- English Heritage apresenta a Kusuma Neolithic Hall, reconstrução de um possível salão neolítico de 4.500 anos, perto de Stonehenge, com sete metros de altura.
- A construção, orçada em £ 1 milhão, está em estágio final próximo ao centro de visitantes, no planalto de Salisbury, e será aberta ao público neste verão.
- O totem foi erguido inteiramente à mão por mais de 100 voluntários ao longo de nove meses, e depois deverá virar espaço de aprendizado imersivo para escolas.
- A edificação baseia-se no vestígio arqueológico de Durrington 68, uma “quadratura no círculo” descoberta perto de Woodhenge, a duas milhas de Stonehenge.
- A meta é ampliar a oferta educativa da instituição, com um centro de aprendizagem e laboratórios previstos para abrir até o fim de 2026, atendendo até quase 100 mil estudantes por ano.
A English Heritage revelou uma reconstrução de 7 metros de altura de uma hall Neolítica de 4500 anos nas proximidades de Stonehenge, oferecendo aos visitantes uma imersão na vida dos construtores do círculo de pedras. O projeto, no valor de £1 milhão, está na fase final de construção perto do centro de visitantes de Stonehenge, na Salisbury Plain.

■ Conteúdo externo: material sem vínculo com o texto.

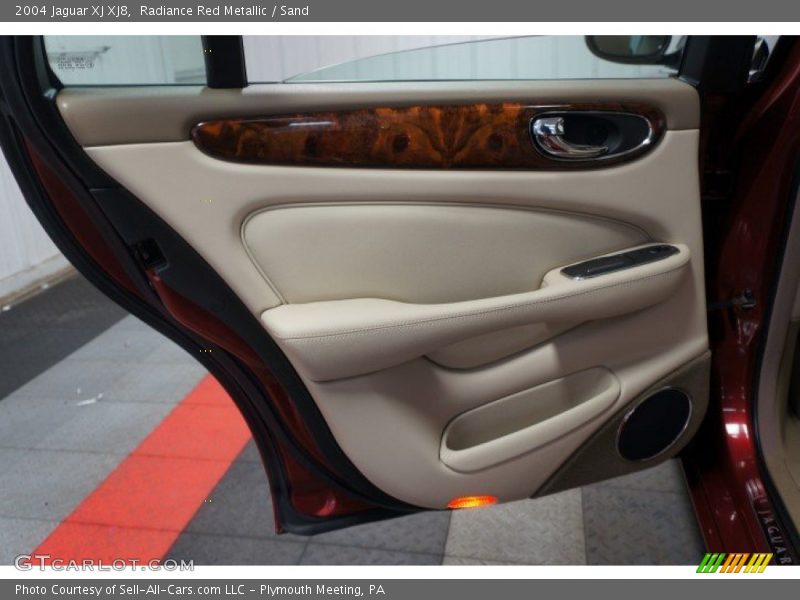 Radiance Red Metallic / Sand 2004 Jaguar XJ XJ8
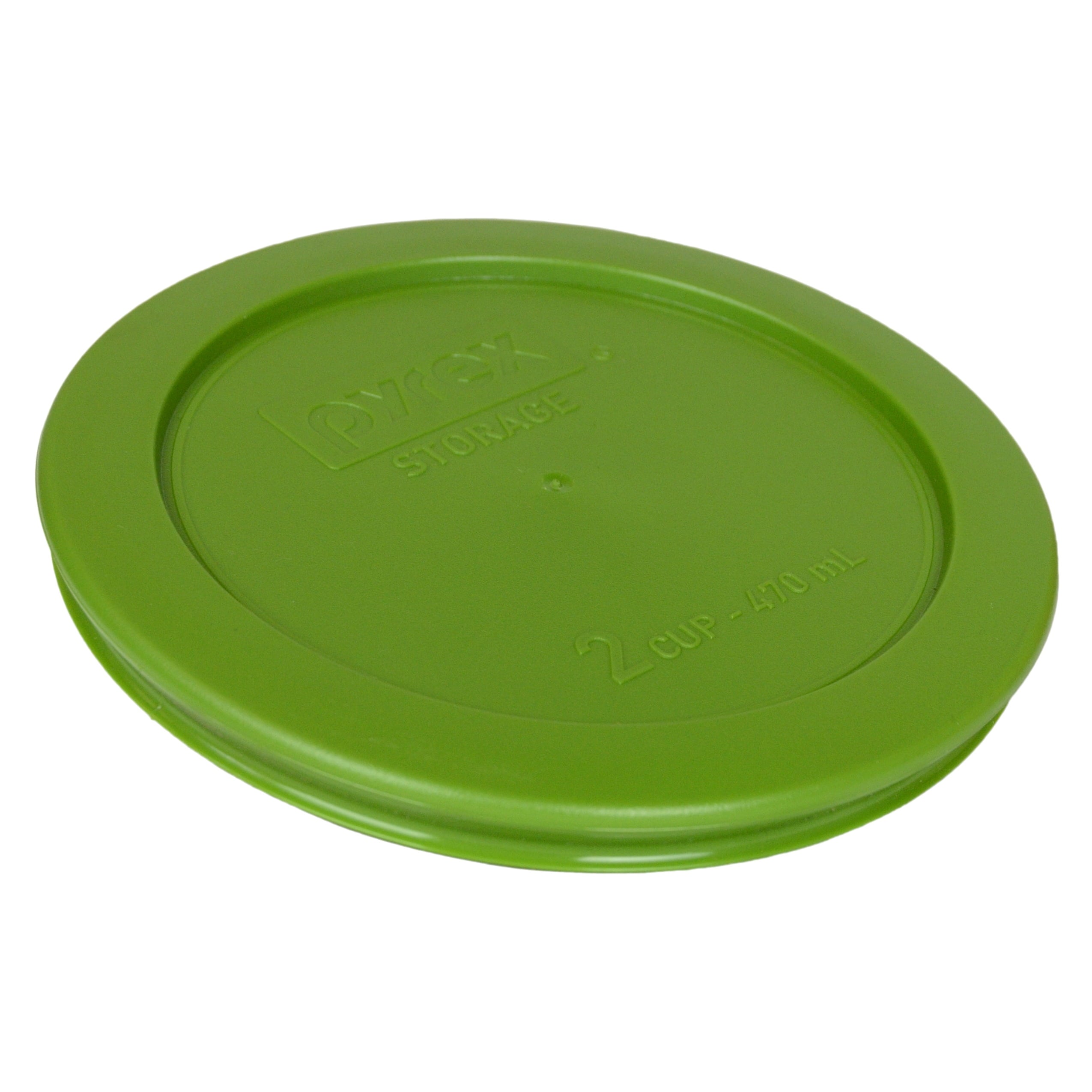 Pyrex 7402-PC - 7201-PC, and 7200-PC Green Plastic Food Storage Lids (2-Pack)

A obra foi erguida inteiramente à mão em nove meses por uma equipe de mais de 100 voluntários. A Kusuma Neolithic Hall baseia-se na pegada arqueológica de Durrington 68, um provável “quadrado no círculo” descoberto a apenas dois milhas do Woodhenge. A finalidade original permanece incerta devido ao desgaste das estruturas.

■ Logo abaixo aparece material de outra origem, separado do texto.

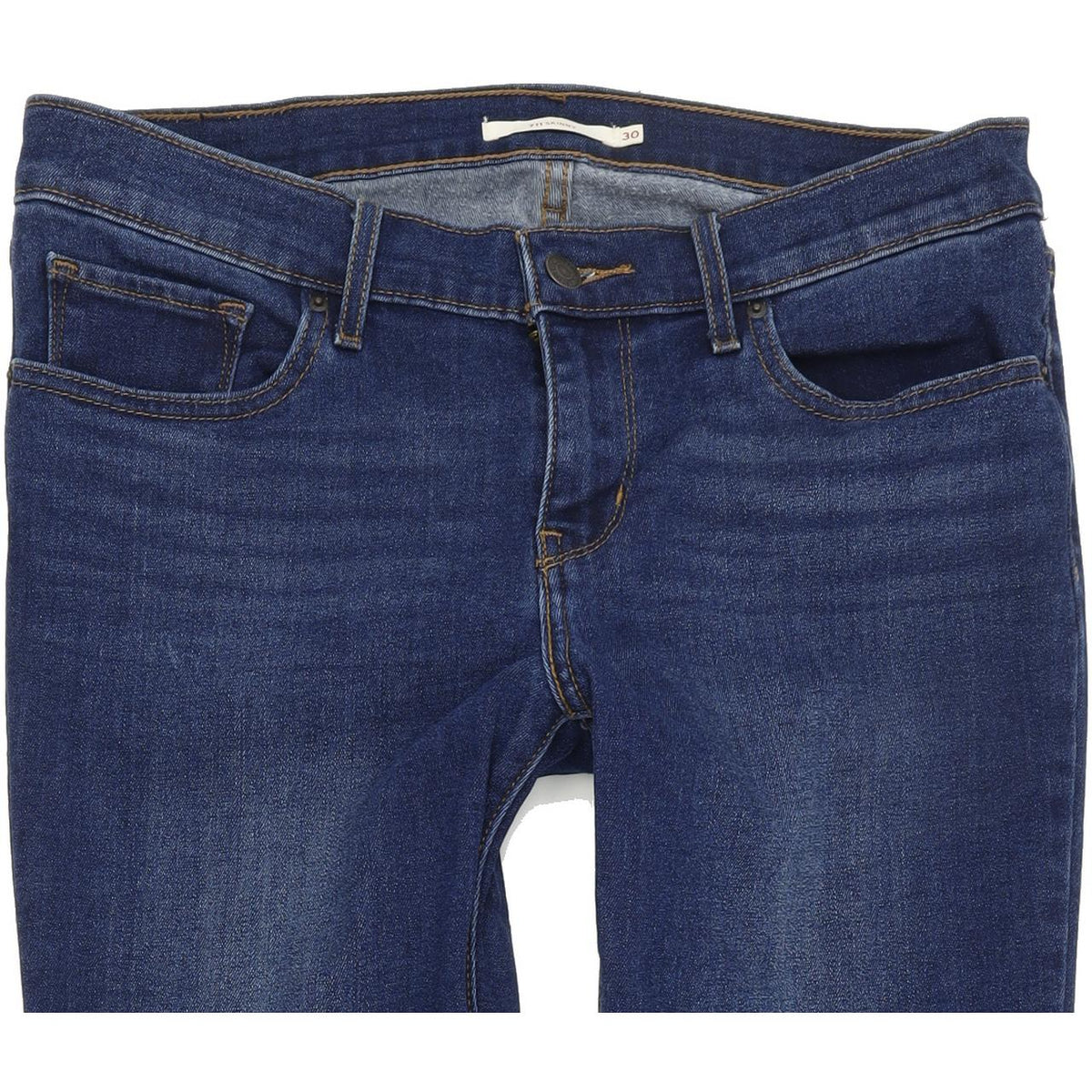 Levi's 711 Women Blue Skinny Slim Stretch Jeans W30 L30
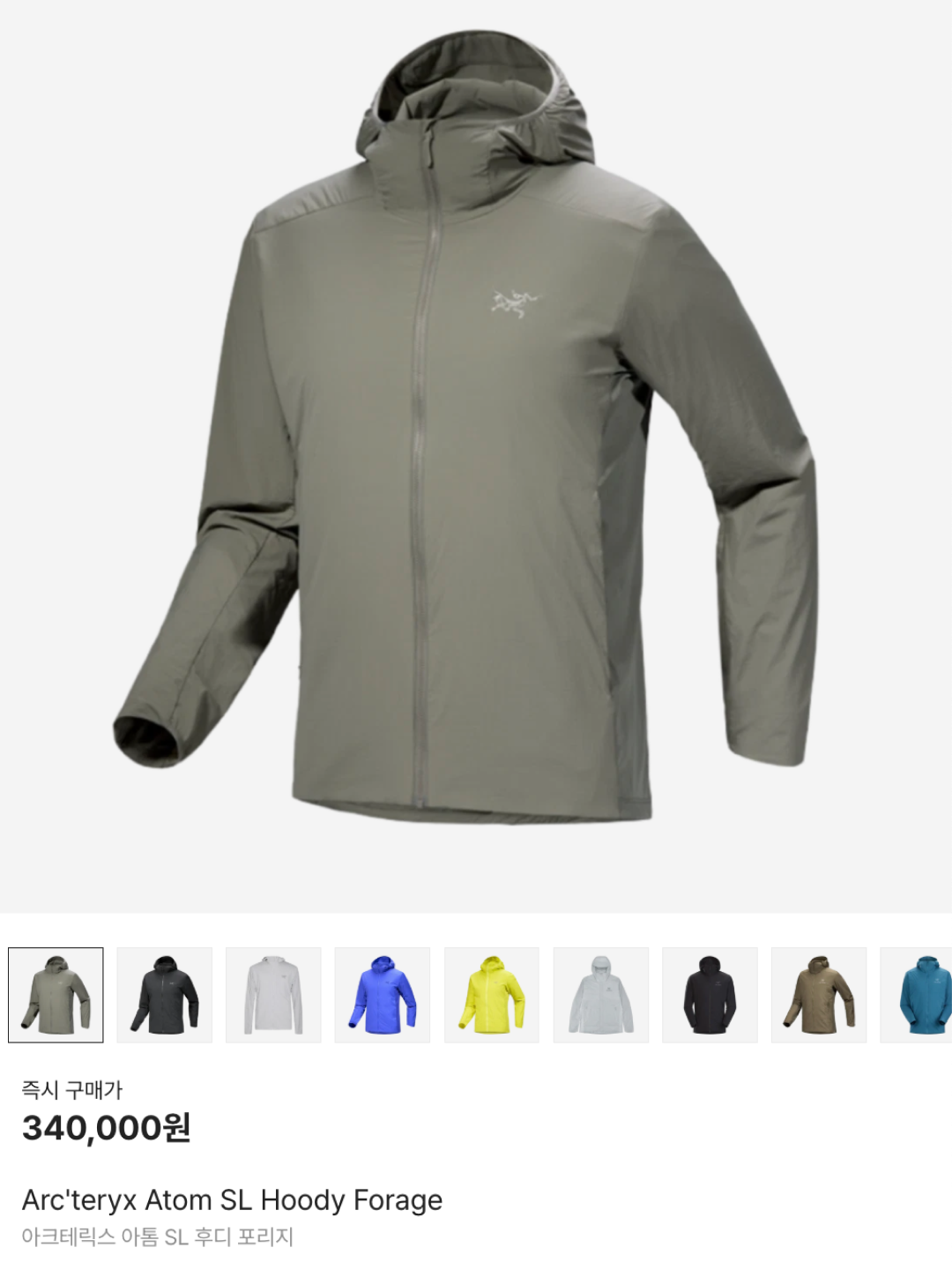 Arc'teryx Squamish Hoody Black, Arc'teryx Atom SL Hoody Solitude 착용 스타일 - 6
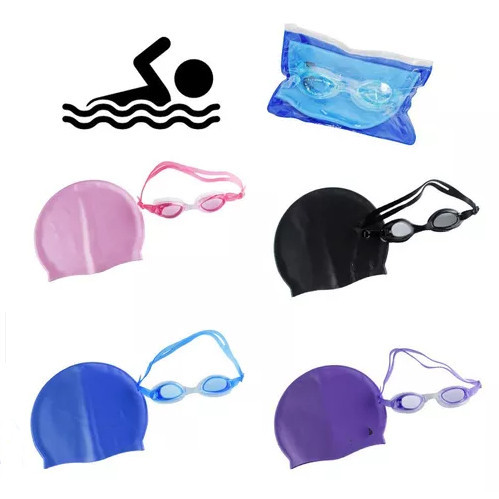 Kit Natação Óculos e Touca Infantil e Adulto piscina -STARYE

A construção está quase completa e abrirá ao público neste verão, antes de se tornar um espaço de aprendizado imersivo para escolas. O projeto integra uma expansão educativa da English Heritage, que prevê um centro de aprendizagem com o Clore Discovery Lab e Weston Learning Studio até o fim de 2026.

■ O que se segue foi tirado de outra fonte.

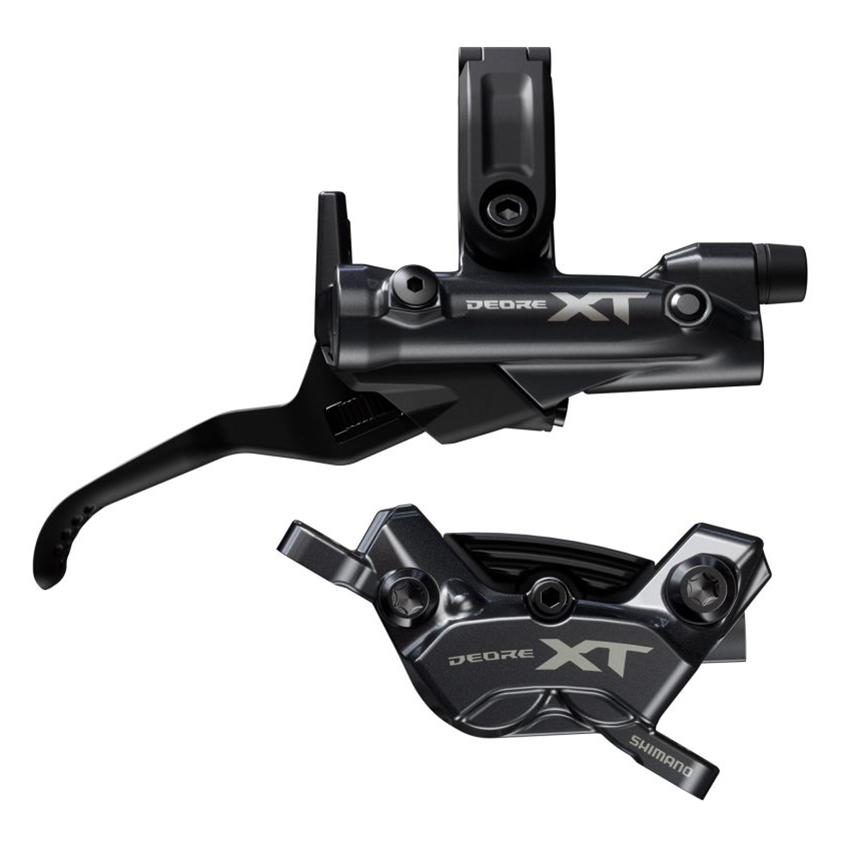 Bộ Thắng Đĩa Sau Xe Đạp SHIMANO Deore XT, BL-M8200(R), BR-M8220(R), W/O Adapter, Resin Pad (W/FIN), 1700mm Hose (SM-BH90-SBM Black), W/Connecter Insert Disc Brake Assembled SET/J-KIT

Contexto arqueológico e educativo
O local indica evidências de atividades de inverno, festas ou armazenamento comunitário, com vestígios de ossos de animais e cerâmica grooved ware nas proximidades. Pesquisadores, como o arquiteto experimental Luke Winter, destacam o uso de ferramentas de pedra para reproduzir aspectos da construção, com verificação científica constante.
A meta educativa é ampliar a capacidade de atendimento a quase 100 mil estudantes anualmente, com acesso gratuito a grupos educacionais e de jovens. O espaço permitirá atividades práticas, como cozinhar queijo pré-histórico e fabricar potes de barro, proporcionando aprendizado baseado na prática.